WHAT YOU WILL DO:
Restate the data below word for word. Leave the images out.

PROVIDED DATA:
────────────────

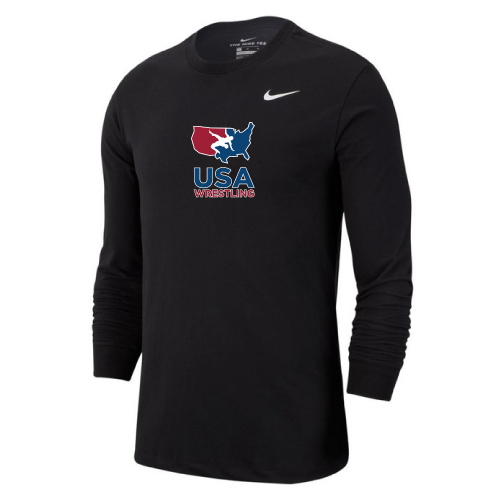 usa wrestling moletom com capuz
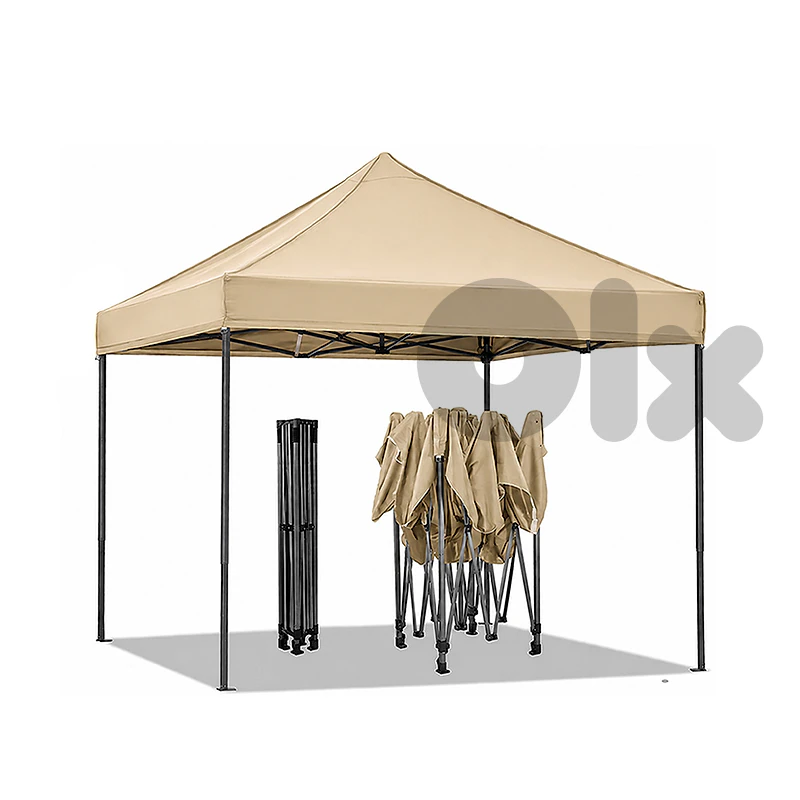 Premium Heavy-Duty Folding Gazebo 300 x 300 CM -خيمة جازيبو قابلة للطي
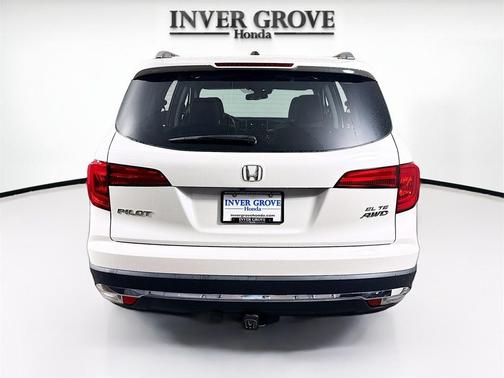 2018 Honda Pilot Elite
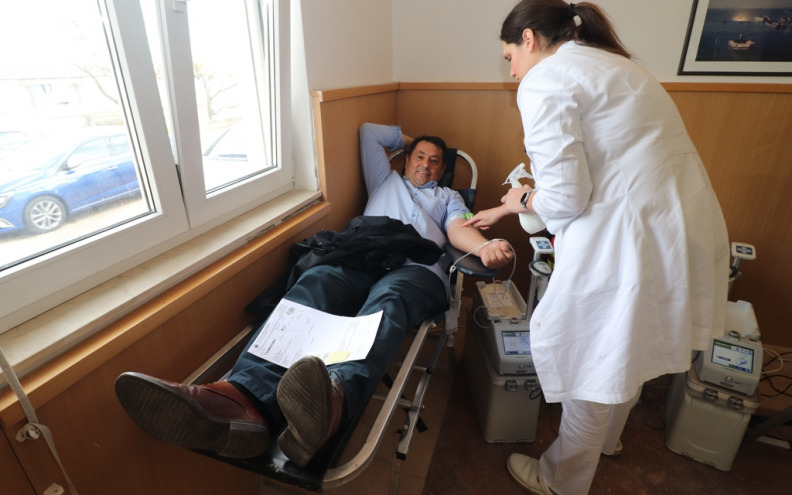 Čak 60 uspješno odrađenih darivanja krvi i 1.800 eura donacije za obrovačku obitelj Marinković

────────────────

REPLY TO THE TASK:
 usa wrestling moletom com capuz
 Premium Heavy-Duty Folding Gazebo 300 x 300 CM -خيمة جازيبو قابلة للطي
 2018 Honda Pilot Elite
 Čak 60 uspješno odrađenih darivanja krvi i 1.800 eura donacije za obrovačku obitelj Marinković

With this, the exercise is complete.